### Work required
Reproduce the complete set of records exactly. No picture is to appear in the copy.

### Source information
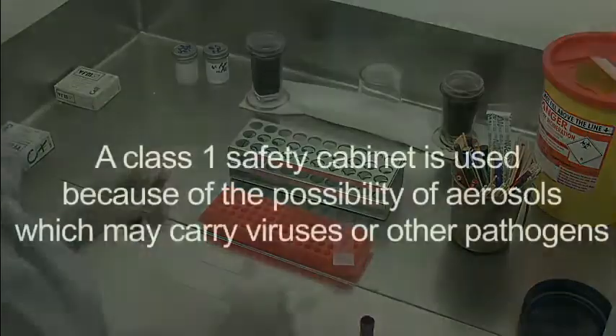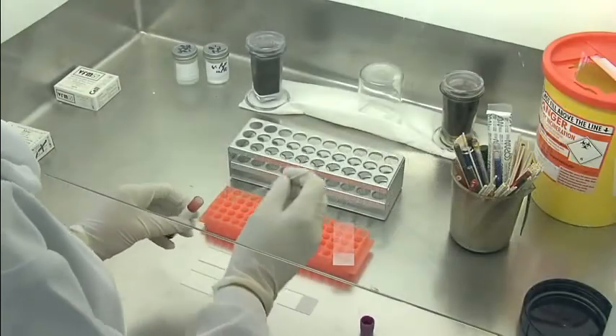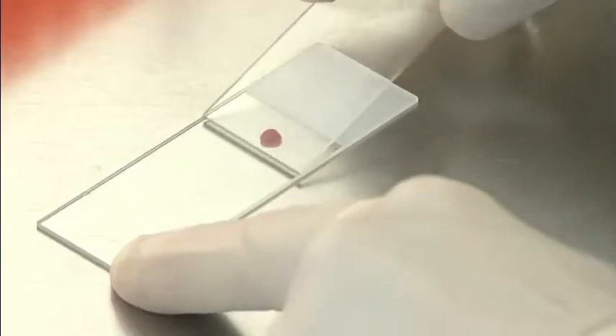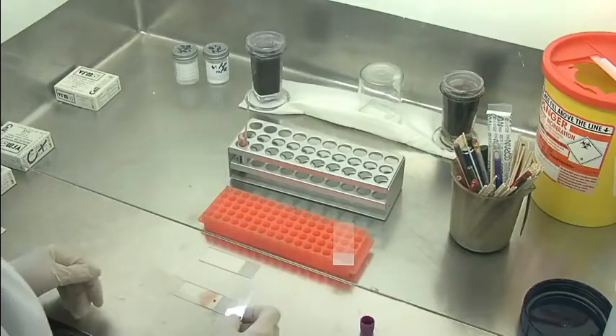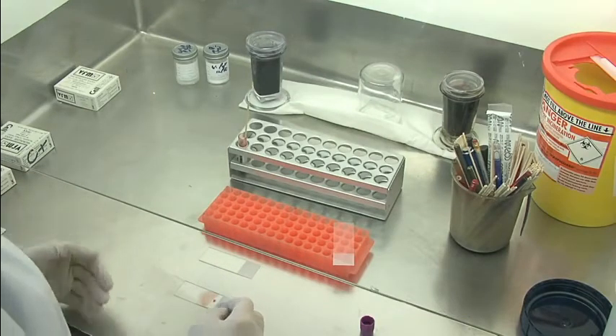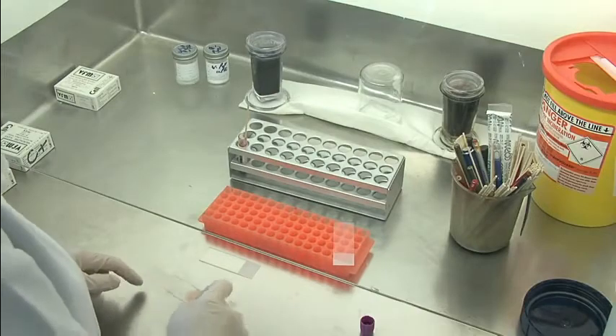Open carefully. We're performing this in the Class 1 cabinet because of course there may be viruses or other parasites, so everything is performed in the Class 1 cabinet. Take a drop of blood, put it on the slide, and then we're going to make a thin film. The reason for using a thin film is because you get a one-layer-thick preparation, and then it's easier to fix the film, and then you can look at the parasites, and the shape and size of the red cell.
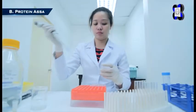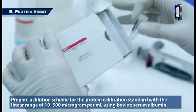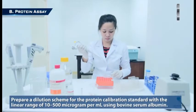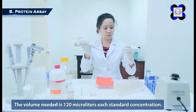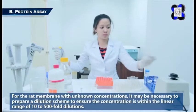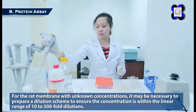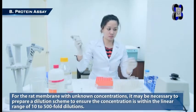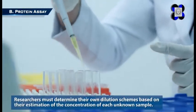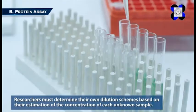The protein assay follows the procedure in triplicates that will be shown. Step 1: Prepare a dilution scheme for the protein calibration standard with a linear range of 10 to 500 micrograms per milliliter using bovine serum albumin. The volume needed is 120 microliters for each standard concentration. For the rat membrane with unknown concentrations, it may be necessary to prepare a dilution scheme to ensure the concentration is within the linear range. Researchers must determine their own dilution schemes based on their estimation of the concentration of each unknown sample. The volume needed is 120 microliters per unknown sample.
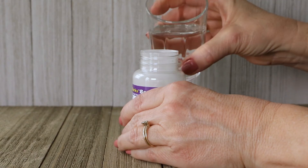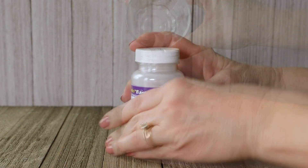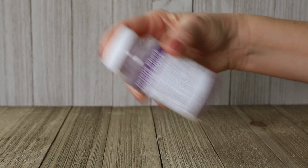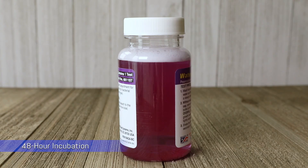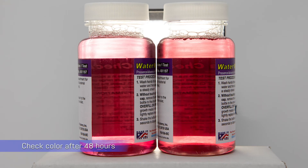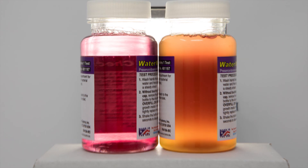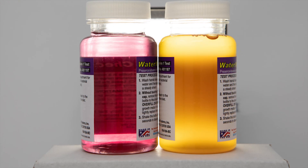Test for bacteria by filling the jar to the shoulder with water. Cap and shake for 20 seconds. Place the jar in a room with a minimum temperature of 70 degrees. If the color remains purple, the test is negative. If the color turns yellow, bacteria is in the water. Discard the jar after 48 hours.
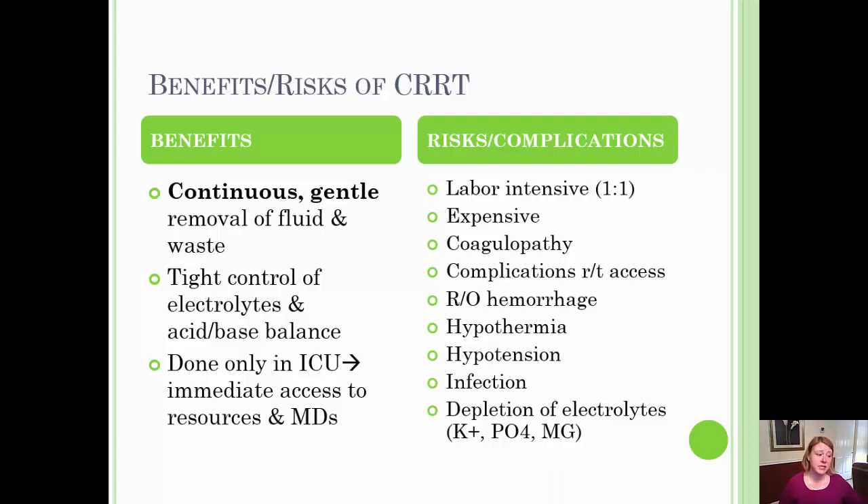There are certainly benefits and risks associated with CRRT. Some specific benefits include the continuous and gentle removal of fluid and waste, making it suitable for hemodynamically unstable patients. It removes fluid at a slower pace, therefore having less neurologic impact without causing rapid fluid removal. Adjustments are made on an hourly basis based on the patient's intake and output.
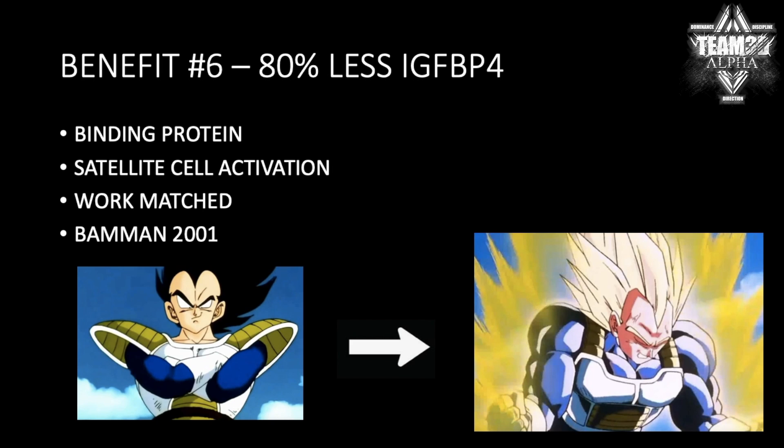Benefit number six: you get 80% less IGFBP-4. For those who haven't watched my previous videos, it's pretty much what makes IGF-1 inactive — it binds to it and kind of shuts it down. So that handles protein synthesis and satellite cell activation. Eccentric training leads to 80% less IGFBP-4, even if you equate the volume. And even if you do double the work on concentrics, you don't get that huge drop in IGFBP-4, which is a big thing a lot of people overlook.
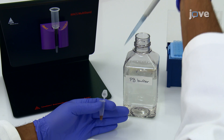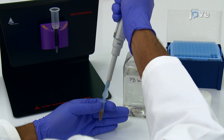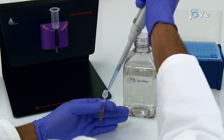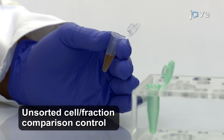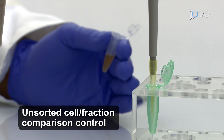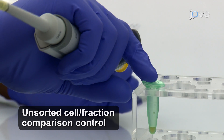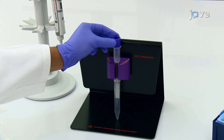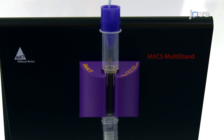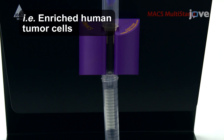At the end of the incubation, add 420 microliters of buffer to bring the total sample volume up to 500 microliters, saving a 50 microliter aliquot at 2 to 8 degrees Celsius for later flow cytometric or molecular analysis. Then add the cells onto the column using an equilibrated 70-micron mesh strainer and collect the unlabeled target cell flow-through.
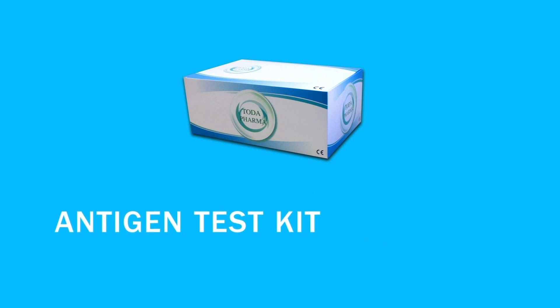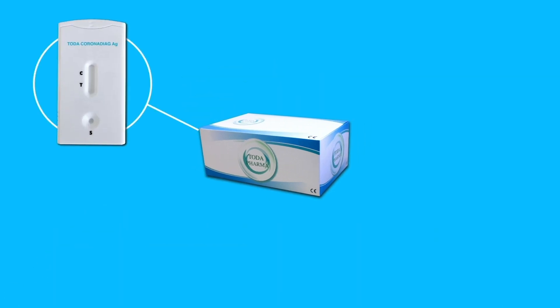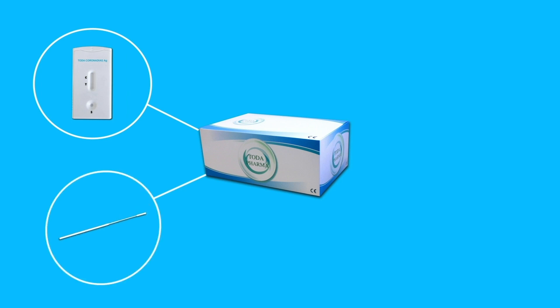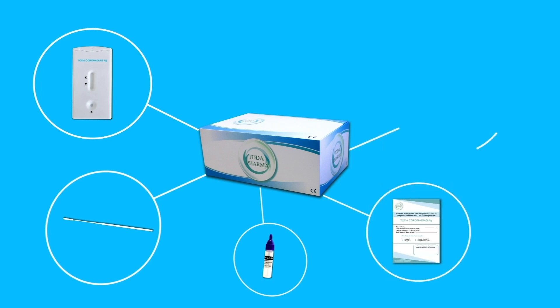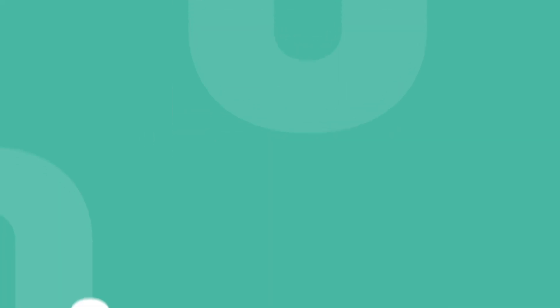Toda Coronadiac AG is an antigenic test kit for the detection of coronavirus consisting of a test cassette, a swab for sample collection, one bottle of individual buffer solution directly ready to use, a brochure for tracking patient results, and an instruction manual. The tests are available in boxes of 10 or 20 kits.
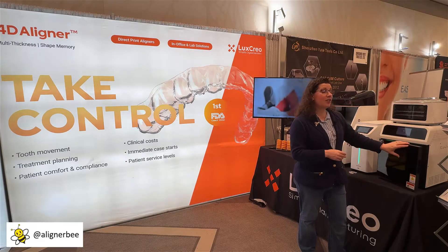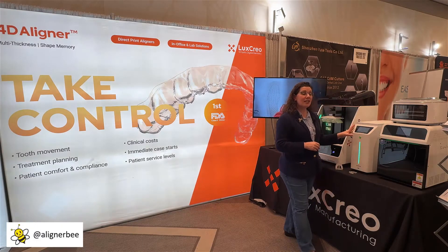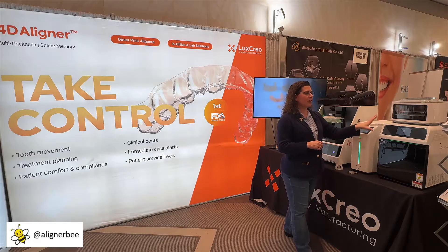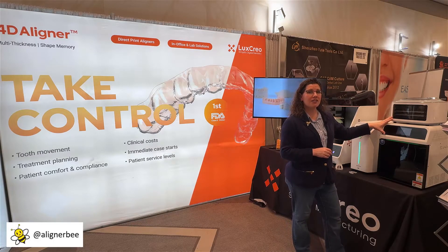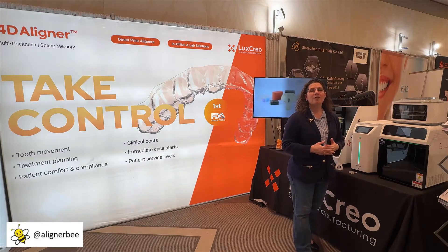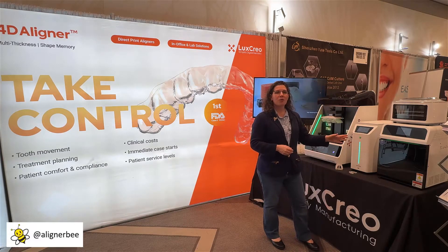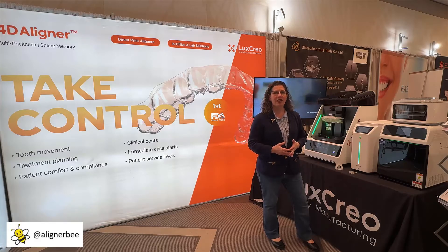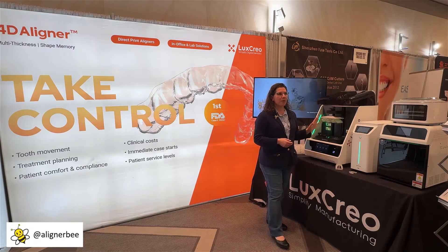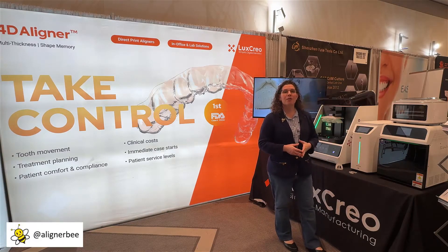The drying and light curing process takes approximately 40 minutes. So as we can see here, with the 13 minutes of our wash cycles and approximately 40 minutes to dry and to cure, we're looking at just shy of an hour of post-processing time. This is something that we could do in between patients or within downtime in the office. Really some interesting developments with the entire system from Lux Creo and iLux, taking the system all the way from printing through post-processing and curing with the three-step post curing process.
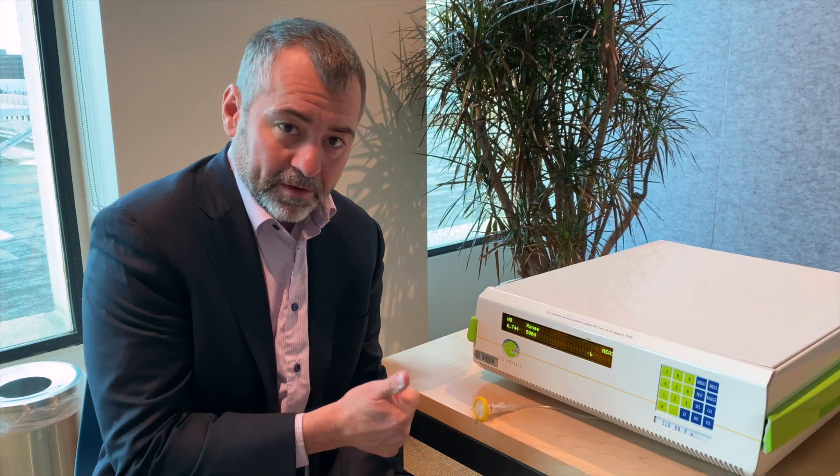So number one, we generate nitric oxide, we can quantify it, we can verify it. Number two, and perhaps most importantly, you can actually see the effects of nitric oxide working. The pink color that appears is indicative of nitric oxide doing what it's designed to do. After several minutes, the pinkness goes away, but during that time you're flooding those cells, wherever you apply it, with oxygen and nutrients — basically giving the body what it needs to make a new cell that works properly. And that's the basis of age defiance.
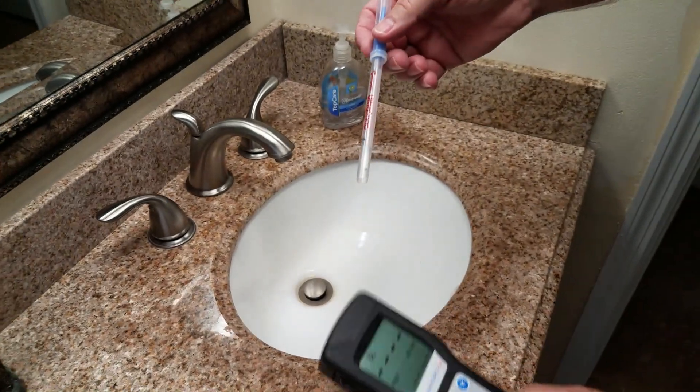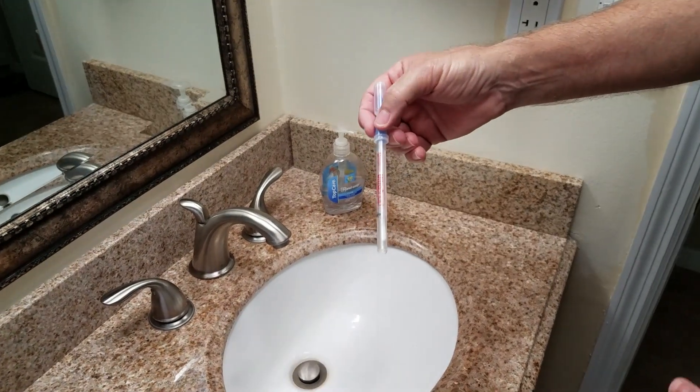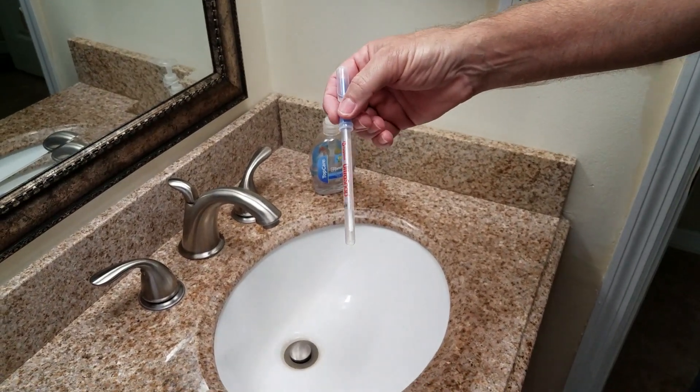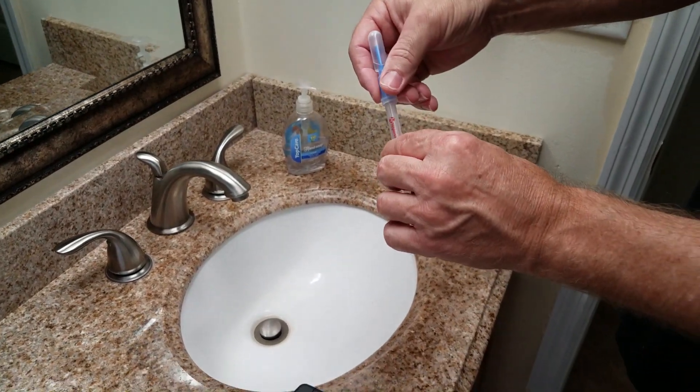We're going to do an ATP test to show some cleaning products that kill germs and viruses. The second product leaves a film on the surface to kill germs and viruses for 60 to 90 days.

### Response
Open carefully. We're performing this in the Class 1 cabinet because of course there may be viruses or other parasites, so everything is performed in the Class 1 cabinet. Take a drop of blood, put it on the slide, and then we're going to make a thin film. The reason for using a thin film is because you get a one-layer-thick preparation, and then it's easier to fix the film, and then you can look at the parasites, and the shape and size of the red cell.
The protein assay follows the procedure in triplicates that will be shown. Step 1: Prepare a dilution scheme for the protein calibration standard with a linear range of 10 to 500 micrograms per milliliter using bovine serum albumin. The volume needed is 120 microliters for each standard concentration. For the rat membrane with unknown concentrations, it may be necessary to prepare a dilution scheme to ensure the concentration is within the linear range. Researchers must determine their own dilution schemes based on their estimation of the concentration of each unknown sample. The volume needed is 120 microliters per unknown sample.
Test for bacteria by filling the jar to the shoulder with water. Cap and shake for 20 seconds. Place the jar in a room with a minimum temperature of 70 degrees. If the color remains purple, the test is negative. If the color turns yellow, bacteria is in the water. Discard the jar after 48 hours.
There are certainly benefits and risks associated with CRRT. Some specific benefits include the continuous and gentle removal of fluid and waste, making it suitable for hemodynamically unstable patients. It removes fluid at a slower pace, therefore having less neurologic impact without causing rapid fluid removal. Adjustments are made on an hourly basis based on the patient's intake and output.
Benefit number six: you get 80% less IGFBP-4. For those who haven't watched my previous videos, it's pretty much what makes IGF-1 inactive — it binds to it and kind of shuts it down. So that handles protein synthesis and satellite cell activation. Eccentric training leads to 80% less IGFBP-4, even if you equate the volume. And even if you do double the work on concentrics, you don't get that huge drop in IGFBP-4, which is a big thing a lot of people overlook.
At the end of the incubation, add 420 microliters of buffer to bring the total sample volume up to 500 microliters, saving a 50 microliter aliquot at 2 to 8 degrees Celsius for later flow cytometric or molecular analysis. Then add the cells onto the column using an equilibrated 70-micron mesh strainer and collect the unlabeled target cell flow-through.
Toda Coronadiac AG is an antigenic test kit for the detection of coronavirus consisting of a test cassette, a swab for sample collection, one bottle of individual buffer solution directly ready to use, a brochure for tracking patient results, and an instruction manual. The tests are available in boxes of 10 or 20 kits.
The drying and light curing process takes approximately 40 minutes. So as we can see here, with the 13 minutes of our wash cycles and approximately 40 minutes to dry and to cure, we're looking at just shy of an hour of post-processing time. This is something that we could do in between patients or within downtime in the office. Really some interesting developments with the entire system from Lux Creo and iLux, taking the system all the way from printing through post-processing and curing with the three-step post curing process.
So number one, we generate nitric oxide, we can quantify it, we can verify it. Number two, and perhaps most importantly, you can actually see the effects of nitric oxide working. The pink color that appears is indicative of nitric oxide doing what it's designed to do. After several minutes, the pinkness goes away, but during that time you're flooding those cells, wherever you apply it, with oxygen and nutrients — basically giving the body what it needs to make a new cell that works properly. And that's the basis of age defiance.
We're going to do an ATP test to show some cleaning products that kill germs and viruses. The second product leaves a film on the surface to kill germs and viruses for 60 to 90 days.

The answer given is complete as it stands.